▶ _Exercise_: Starting with the line that includes "NEU zur Vermietung", write out every remaining line of the records below exactly as it appears, leaving out any images.

- - -

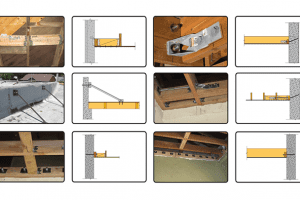 Commercial Retrofit Small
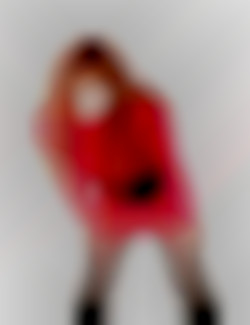Member Image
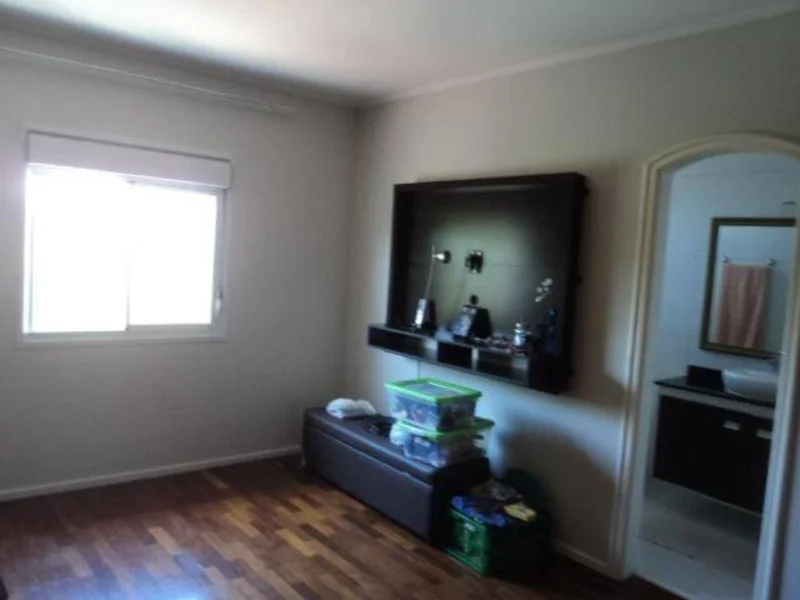 Casa - São Paulo - SP — foto 3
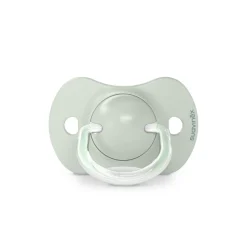Lot de 2 sucettes SX Pro 6/18m Dreams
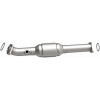 MagnaFlow Conv DF 05-09 Toyota Tacoma 4.0L P/S Rear - 93661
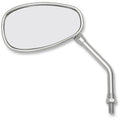 Emgo Mirror - Left | 20-86832
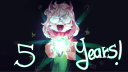 🏰The Fluffy Castle🏰 Discord Server Banner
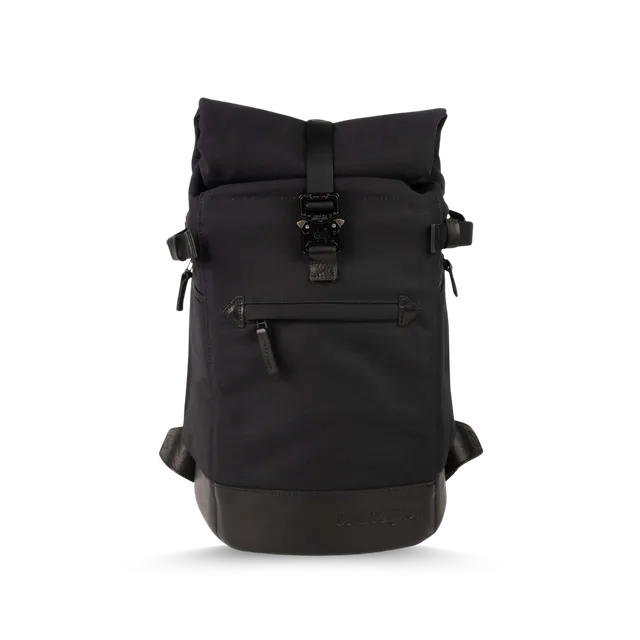 compagnon-heritage-line-little-backpack-gen-iii-kamerarucksack-kompakt image 1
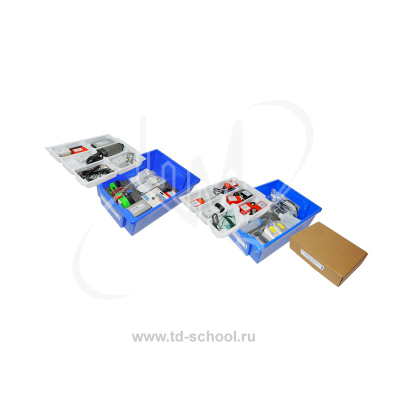 �������� ����������� �� ������� ������������ � ������ ������ (����)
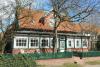 Spiekeroog Ferienwohnung Picks Logierhaus, Stammh. App.II - Picks Logierhaus, Stammh. App.II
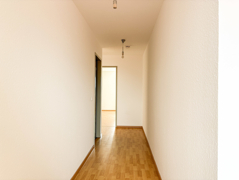 NEU zur Vermietung in Bochum Innenstadt - Diehle - Reuter Immobilien – Immobilienmakler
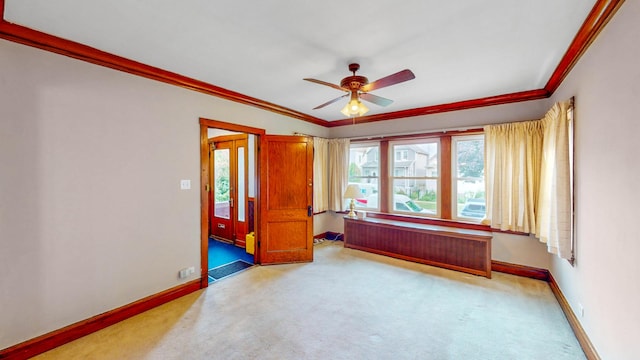 5321 W 23rd St, Cicero, IL 60804 - photo 6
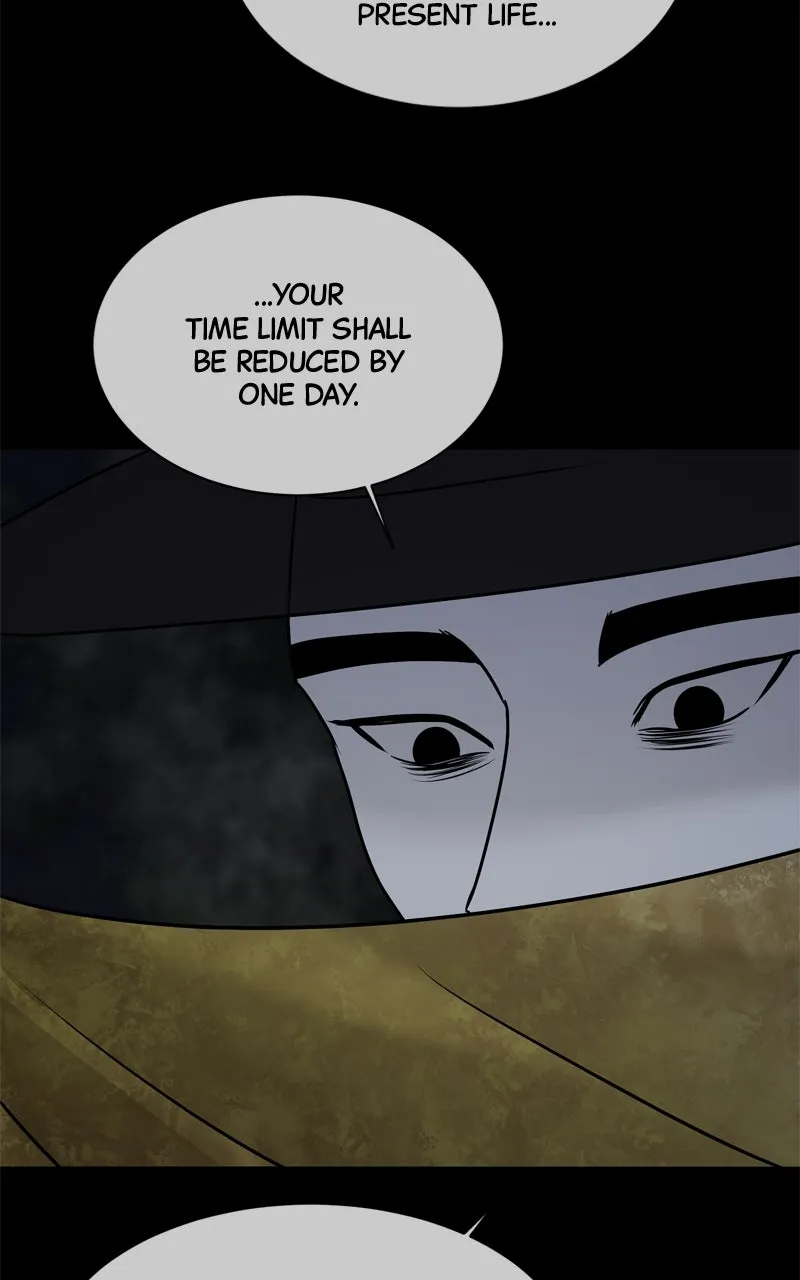 Date or Die Chapter 5 page 61 - 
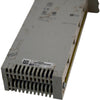 Schneider Modicon Quantum 140DAI54300 AC Input Module 16pt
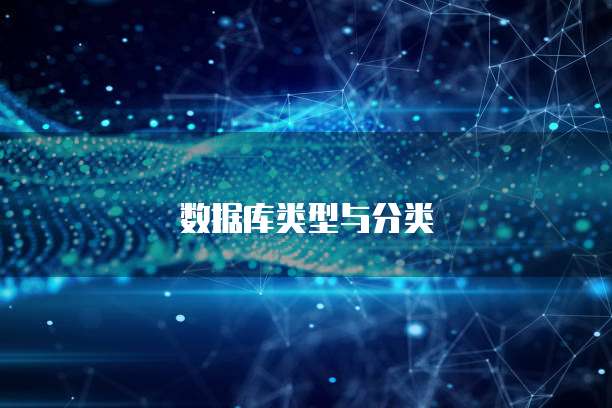 阿里云服务器哪里买比较好
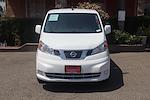 2020 Nissan NV200 4x2 Upfitted Cargo Van for sale #57550 - photo 4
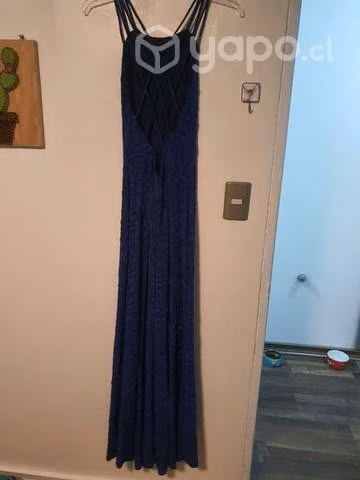 Vestido de fiesta - Imagen 2
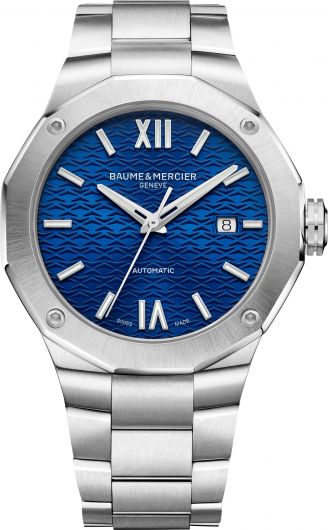 Baume & Mercier MOA10620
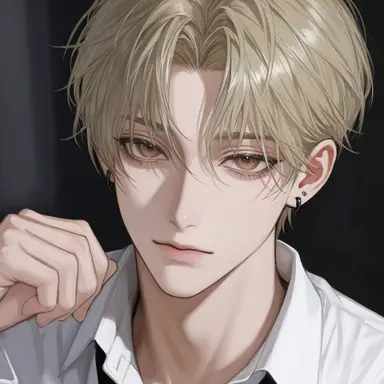 Profile image of ヒョン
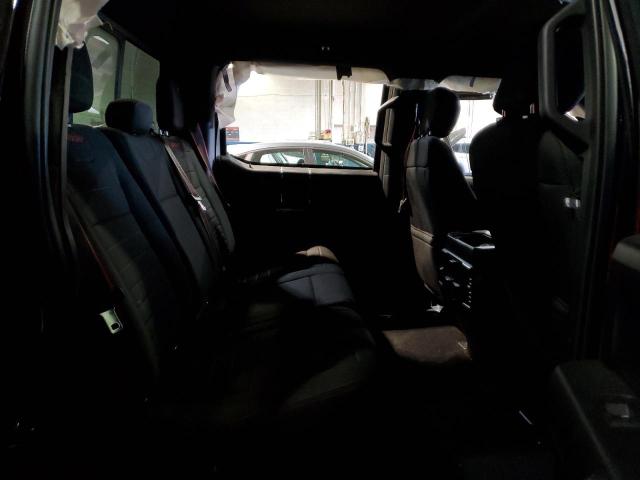 Photo 10 from auction – 2019 FORD F150 SUPER with VIN 1FTEW1EP5KFC31203
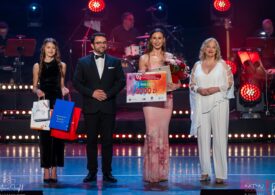 XXI Carpathia Festival – muzyczne święto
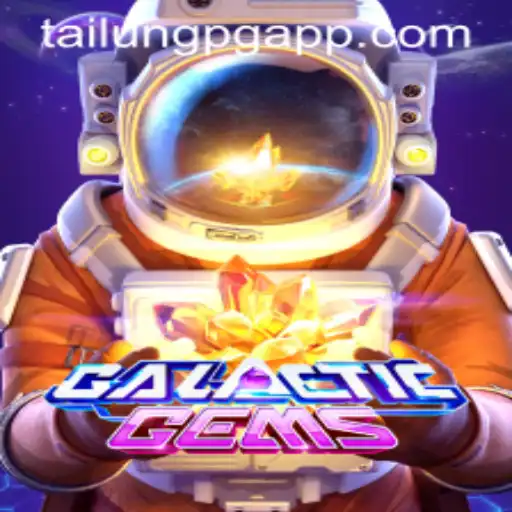 Discover the Intergalactic Challenge of GalacticGems: A New Dimension of Puzzle Gaming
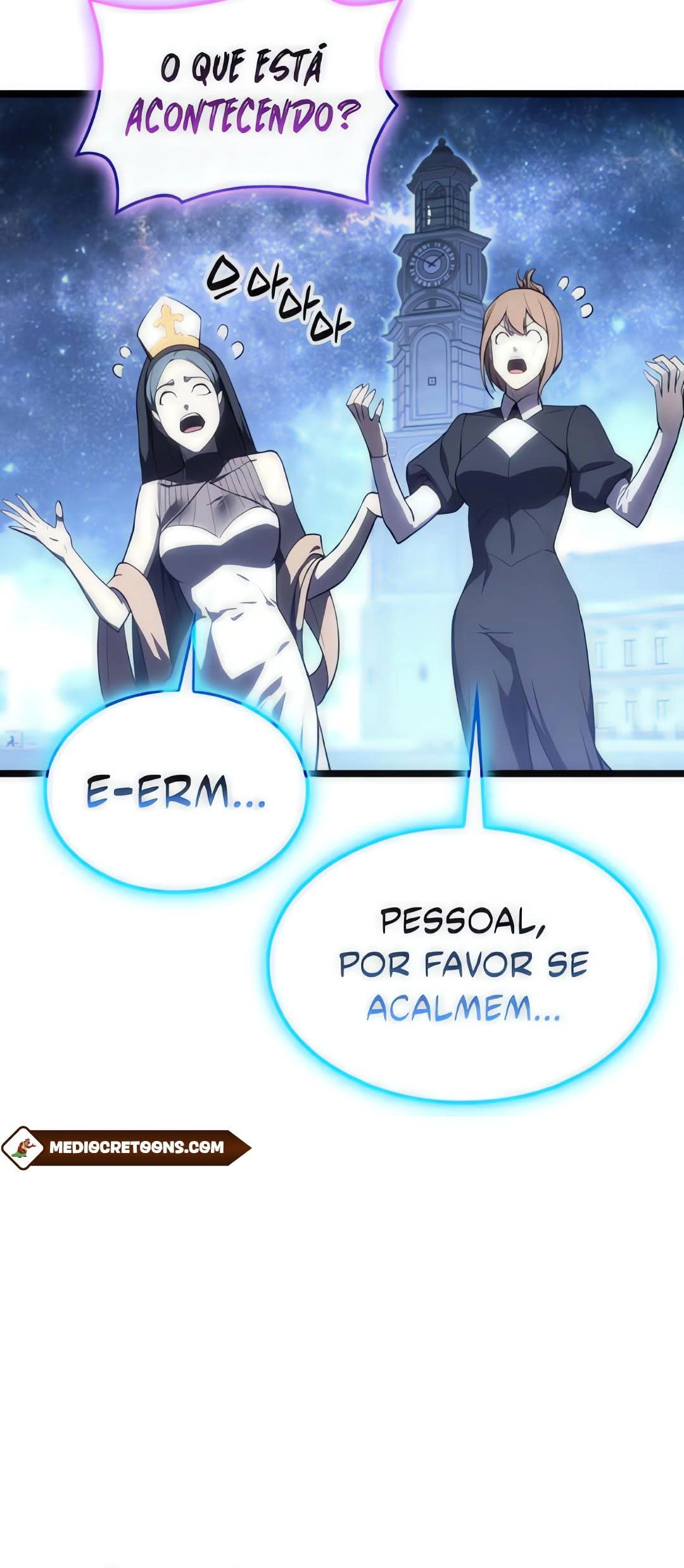 Página 38
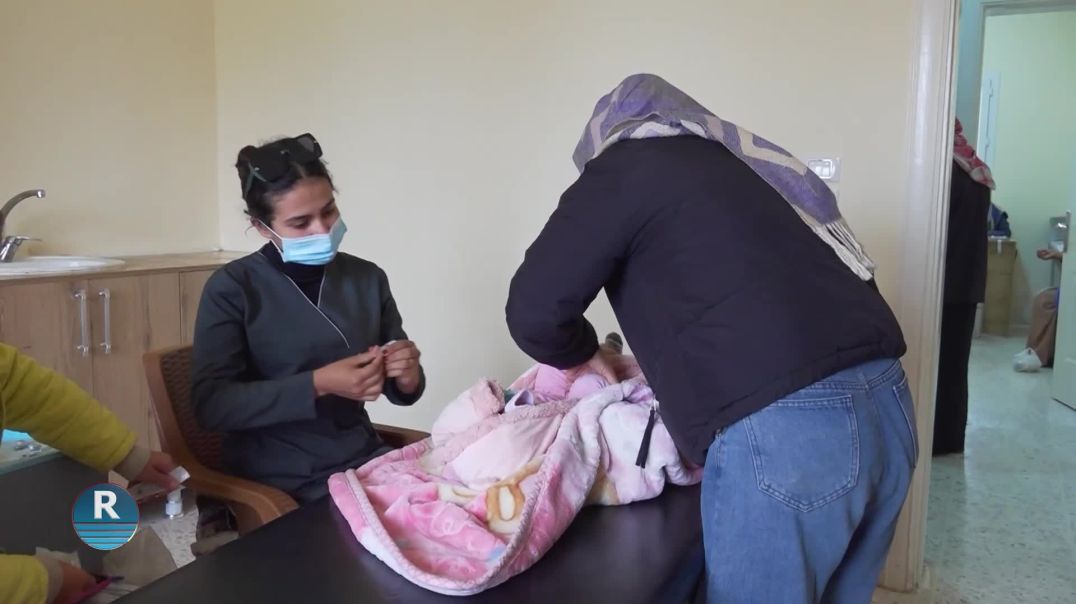 LI KOBANÊ PÊNGAVA AŞLEKIRINA ZAROKAN BERDEWAM DIKE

- - -

▶ _Answer_:
 NEU zur Vermietung in Bochum Innenstadt - Diehle - Reuter Immobilien – Immobilienmakler
 5321 W 23rd St, Cicero, IL 60804 - photo 6
 Date or Die Chapter 5 page 61 - 
 Schneider Modicon Quantum 140DAI54300 AC Input Module 16pt
 阿里云服务器哪里买比较好
 2020 Nissan NV200 4x2 Upfitted Cargo Van for sale #57550 - photo 4
 Vestido de fiesta - Imagen 2
 Baume & Mercier MOA10620
 Profile image of ヒョン
 Photo 10 from auction – 2019 FORD F150 SUPER with VIN 1FTEW1EP5KFC31203
 XXI Carpathia Festival – muzyczne święto
 Discover the Intergalactic Challenge of GalacticGems: A New Dimension of Puzzle Gaming
 Página 38
 LI KOBANÊ PÊNGAVA AŞLEKIRINA ZAROKAN BERDEWAM DIKE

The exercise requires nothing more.